I have noticed that in my entire history, I have been avoiding challenges about my skills. For instance, since I felt I was not really good in riding a bicycle, I decided not to ride a bicycle at all. There was nothing to lose. There were people that I could rely on to take me to different far-away places. When I felt swimming was difficult, I stopped swimming altogether. Finally, since math caused so much stress, I decided to study literature. I have been trying to protect my self esteem by avoiding difficult things that will make me look ridiculous in front of other people. This pattern of behavior has done me bad than good.
If you learn the Goal Setting Theory from Locke and Latham, you know that what I have been doing is called lowering the expectation. I decided to lower my expectation and eventually avoiding the goal at all. I seriously think I cannot do this any longer. Having forced myself to live alone in Sydney and doing all sorts of things as an individual, I suppose forcing myself to learn to drive and park a car is just a piece of cake. Well, the reality seemingly says the opposite.

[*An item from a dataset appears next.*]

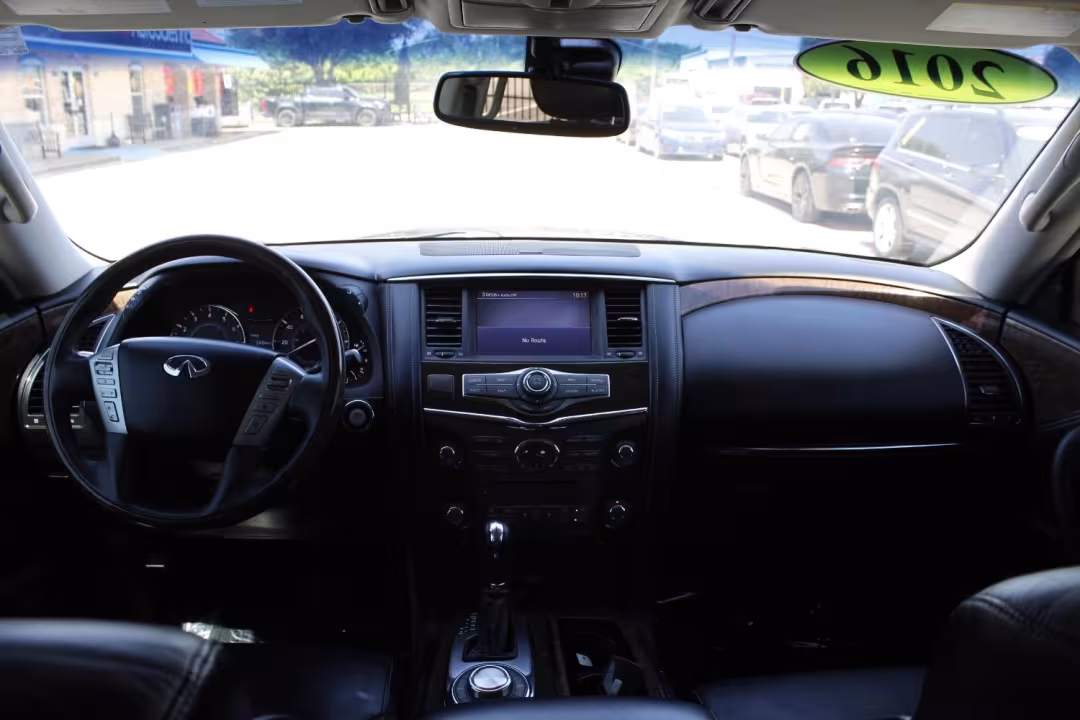 2016 Infiniti QX80 - JN8AZ2NE5G9126567 - Image #16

Now I languish on forcing myself to drive the car as it is totally ridiculous to have a car but not to drive it. But this harsh act on my self-confidence and self-image, I believe is good for myself. Moreover, I must set a goal to achieve. I must say to myself by early next year, I will be able to drive on my own. We’ll think about the parking for the mid of next year. But this is a necessary goal. If I don’t have any specific goal, I will not be able to achieve anything, based on Goal Setting Theory.
So, I’ll risk embarrassment and ridicule. That’s fine, as long as eventually I can achieve this goal. That is another commitment.
Other than that, life has come to a long plateau. This is a blessing rather than a curse. Well, that’s at least how I want to and should view it. There are small achievements here and there–reasons to be thankful all the time. There is a great sense of achievement about what I have been doing in the church, i.e. my KTB cell group. “The Lord is good and His mercy endures forever.”